1. Field of the Invention
The present invention relates to a vehicle motion control device configured to secure stability of the vehicle by anti-skid brake system (ABS) control.
2. Description of Related Art
JP-A-Hei. 5-319238 discloses technology for removing instability caused by a difference in slip rate between left and right wheels of a vehicle during performing an ABS control on a split road surface where the left and right wheels are different from each other in friction coefficient (hereinafter, referred to as “road surface μ” or “μ”) of a traveling road surface of the vehicle. Since the split road surface has a difference in road surface μ between the left and right wheels, the left and right wheels have a difference in braking force generated. This braking force difference causes yaw moment to lead to instability of the vehicle. Therefore, in JP-A-Hei. 5-319238, a target slip rate of the wheel is set for the road surface where the road surface μ is higher (hereinafter, referred to as “high μ road”) such that the braking force difference is offset between the left and right wheels depending on a yaw rate deviation that is a difference between a target yaw rate and an actual yaw rate. Accordingly, the braking force on the side of the high μ road can be reduced, and thus the braking force of the wheels on the side of the high μ road approaches that of the wheel on the road surface where the road surface μ is lower (hereinafter, referred to as “low μ road”), so that it is possible to reduce the yaw moment caused by the braking force difference and thus to improve the vehicle instability.
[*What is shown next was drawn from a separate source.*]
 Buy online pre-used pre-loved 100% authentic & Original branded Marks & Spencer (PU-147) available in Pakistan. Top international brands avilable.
In the ABS control, the pressure variation gradient of a wheel cylinder (hereinafter, referred to as “W/C”) in pulse pressure increasing, maintaining and reducing controls is set in advance regardless of the degree to which a driver steps a brake pedal. For this reason, timing when an actual slip rate exceeds the target slip rate set as mentioned above is based on vehicle speed variation changing depending on a preset pressure variation rate. Thus, although the yaw rate deviation occurs, the pressure reducing control is not started until the actual slip rate varying depending on a traveling environment exceeds the target slip rate. As a result, a difference in braking force between left and right wheels is generated, and thus high yaw moment is generated. Since a driver performs corrected steering (counter steering) to offset this yaw moment, opposite yaw moment is generated. Since this operation is repeated, it takes time to suppress an amplitude of the yaw rate deviation and an amplitude of a corrected steering angle in the corrected steering within a predetermined range. For this reason, it takes time until instability is removed, and thus a response characteristic is not sufficient.
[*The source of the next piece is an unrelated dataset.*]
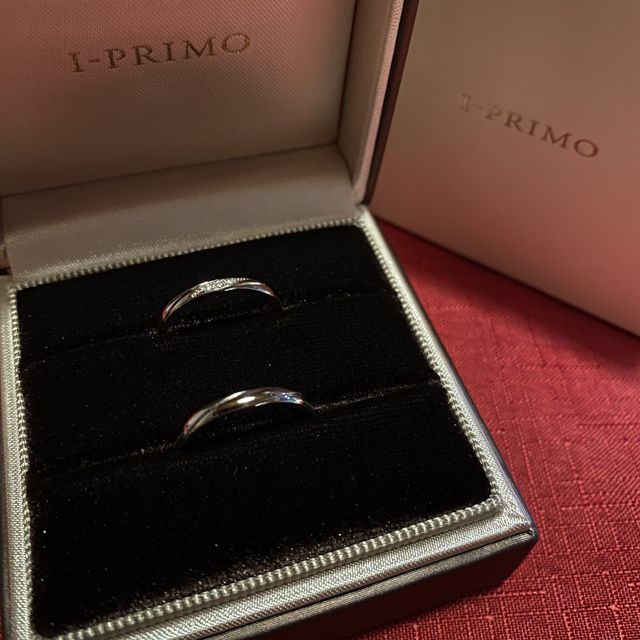 【アイプリモ(I-PRIMO)の口コミ】 結婚指輪は日常でずっとつけておくものなので、シンプルなデザインと着け…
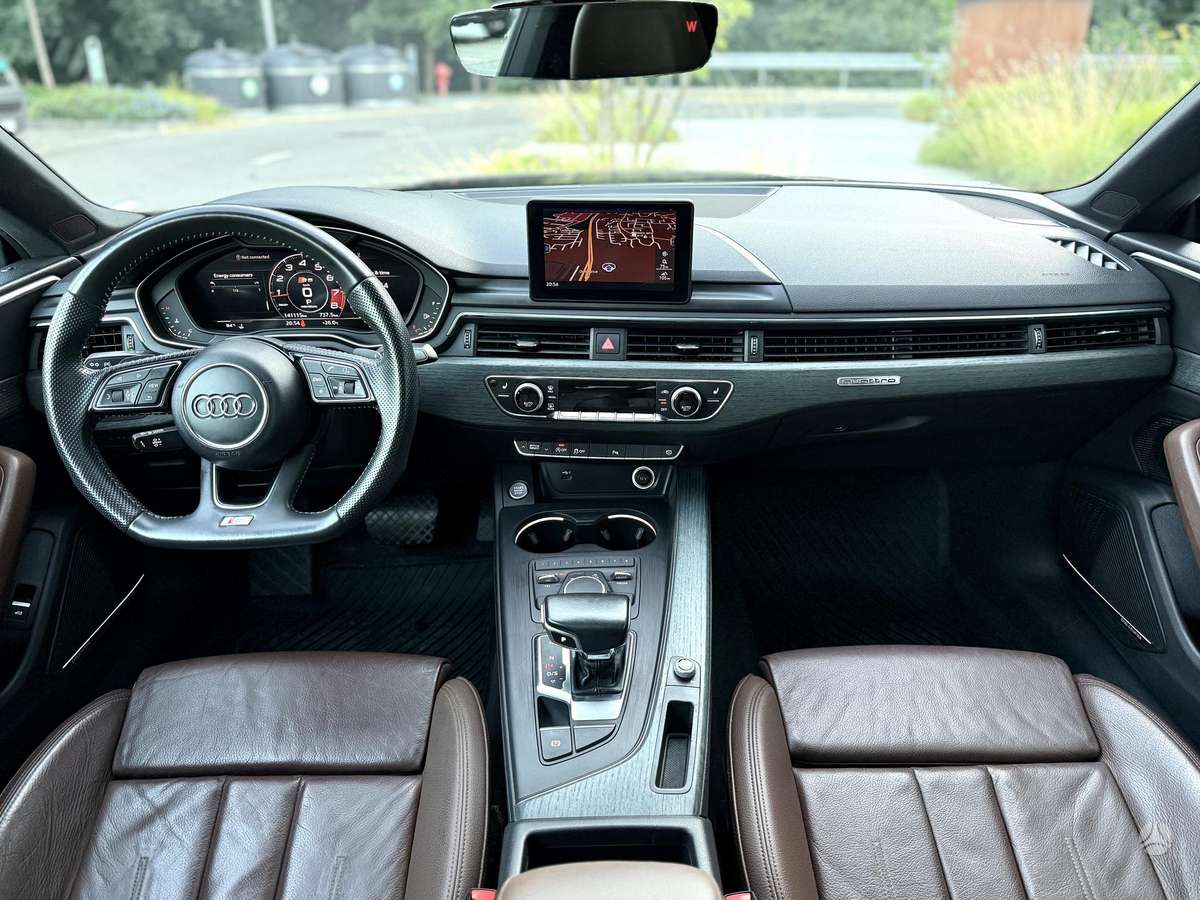 Audi A5, 2.0 l., coupe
Specifically, in the ABS control on the split road surface, the wheels on the side of the high μ on the split road surface are controlled while a slip rate control is generally performed by setting a slip rate, which is smaller than a slip rate at a μ peak in a relationship between the slip rate and the road surface μ, as the target slip rate. In a characteristic diagram (μ-s curve) showing the relationship between the slip rate and the road surface μ, the road surface μ is increased until the slip rate reaches a predetermined value. When the slip rate reaches the predetermined value, the road surface μ reaches a peak (μ peak). Afterwards, the road surface μ is reduced as the increase of the slip rate. For this reason, in the case where the slip rate, which is smaller than the slip rate corresponding to the μ peak, is set to the target slip rate, although the pressure reducing control is started after the slip rate reaches the target slip rate, the actual slip rate exceeds the target slip rate to reach a higher slip rate due to a time lag between the start determination and the actual start. Thus, the braking force difference between the left and right wheels is generated as described above, and thus high yaw moment is generated.
In the above, the case where the high yaw moment is generated on the split road surface has been described. However, the same problem occurs in turning of the vehicle. The situation where the vehicle is subjected to understeer (hereinafter, abbreviated to “US”) means the state where the vehicle exceeds a grip limit. This state is more likely to occur as the wheel slip becomes larger, and it is necessary to suppress the wheel slip to the target slip rate in the event of the US. Even in this case, the same problems as the case of the above-mentioned split road surface occur. For example, the pressure reducing control is not started until the actual slip rate exceeds the target slip rate.